A credit insurance policy is designed to protect a company's accounts receivable from the effects of catastrophic credit losses, including:

  • Insolvency

  • Contract cancellation

  • Bankruptcy

  • Default by a buyer (for almost any reason)

Annual premiums can be raised or lowered by changing the annual deductible and the per loss deductible or co-payment.
Premiums are based on a variety of factors including:

  • The applicant company's past credit loss experience

  • The creditworthiness of the applicant's customers

  • The amount of coverage requested

  • The size of the annual deductible

  • The per-loss dollar deductible

  • The number of active accounts covered

  • The number of accounts excluded

  • Any discretionary automatic credit approval limit

Typically, premiums are less than 1% of the annual sales covered. There is normally an annual deductible, an annual cap on bad-debt losses, as well as a per loss deductible. Creditors must still perform credit analysis on new and existing customers, and collect from delinquent accounts.

The advantages of purchasing credit insurance include:

  • Protecting the company's receivables under a single credit insurance contract.

  • Gaining the benefits of the insurance company's expertise and experience in your market.

  • The assurance of payment not only provides peace of mind, but can also strengthen a company's balance sheet from the viewpoint of lenders, investors and stockholders.

  • The ability to offer competitive payment terms to customers.

  • The possibility that having credit insurance will increase the formula used to calculate the borrowing base.

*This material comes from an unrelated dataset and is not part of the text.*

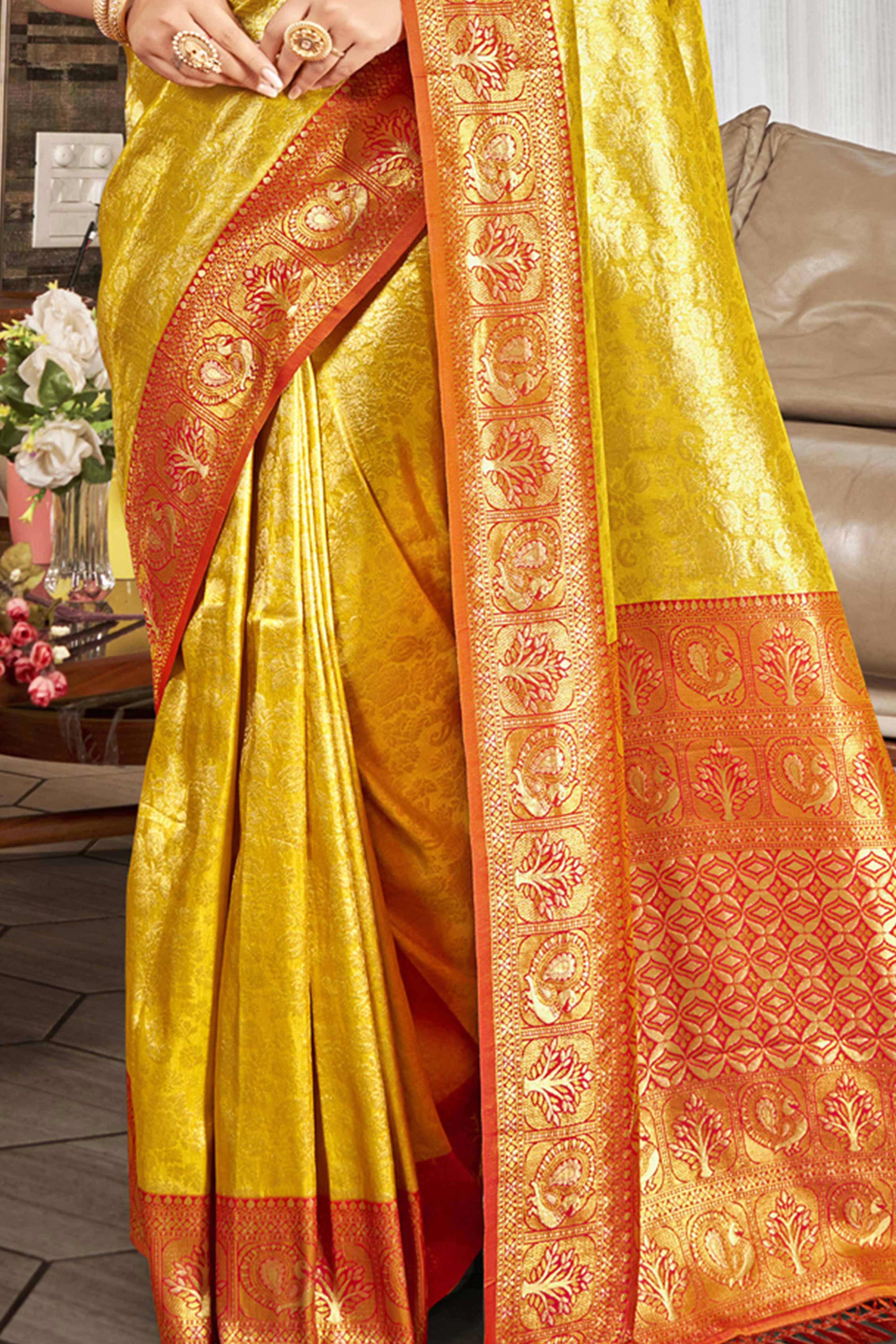 Premium Yellow Floral and Peacock Motif Woven Kanjivaram Silk Saree With Tassel Pallu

  • The possibility that the bad debt reserve can be "drained."

Some of the disadvantages of credit insurance include:

  • The annual premium.

  • The annual deductible and per loss deductibles.

  • The fact that coverage will be denied to certain customers.

  • The fact that other customers will not qualify for the amount of amount of coverage requested.

  • The fact that insurance policies include an exclusion for losses below a certain dollar amount.

  • The fact that generally speaking the debt must be undisputed to qualify for coverage under the insurance policy.